The solution was simple: big standard containers. But while inventing the box was the answer, the real challenge was overcoming social obstacles. Trucking companies, shipping companies and ports could not agree on a standard size. Then there were the powerful dockworkers’ unions which resisted the innovation that would mean fewer jobs for members.

The man who can fairly be described as the inventor of the modern shipping container system was Malcom McLean. McLean did not know much about shipping but was a trucking entrepreneur. He knew about trucks, about playing the system and all about saving money.

McLean not only saw the potential of a shipping container that would fit neatly on a flat-bed truck, he also had the skills and risk-taking attitude needed to make it happen. First, he gained control of both a shipping company and a trucking company. Then, he re-fit his ships to new container specifications. He encouraged New York’s Port Authority to turn its New Jersey site into a centre for container shipping and cleverly sold the idea of container shipping to the world’s most powerful customer: the US military.
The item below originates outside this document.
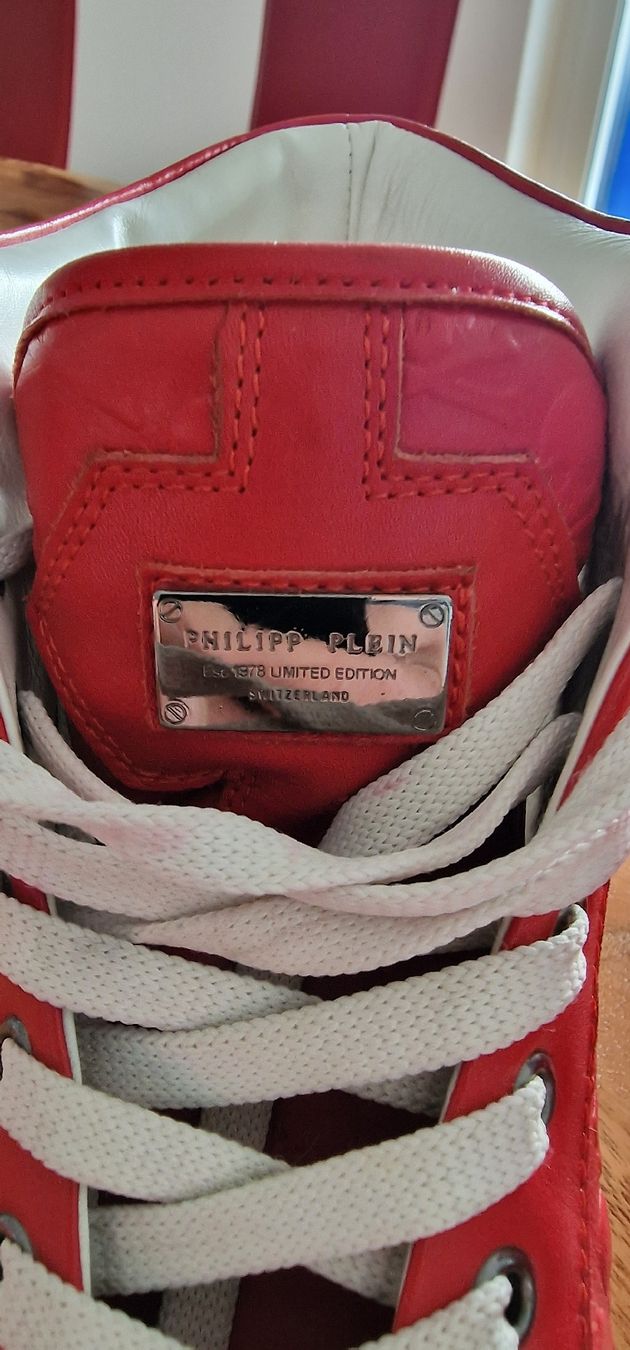 Philipp Plein Scarpe da uomo: Philipp Plein Schuhe 100% original – Usato da Schafisheim venduto da Sascha.77 9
In solving the logistical nightmare of shipping vast amounts of equipment to Vietnam, the container worked much better as part of an integrated logistical system which the US military could implement. Even better, McLean realised that, on the way back from Vietnam, his empty container ships could collect payloads from the world’s fastest growing economy, Japan. Trans-Pacific trading began in earnest.

Zero cost transport

The revolution in global shipping has swept the globe and, for an ever-growing number of destinations, goods can now be shipped reliably, swiftly and cheaply. A modern container ship can carry 20 times as much cargo as the SS Warrior did and disgorge its cargo in hours rather than days. And, rather than the $420 per tonne aboard the SS Warrior, customers might pay now less than $50. It is no wonder that shipping containers now carry some 90% of world trade.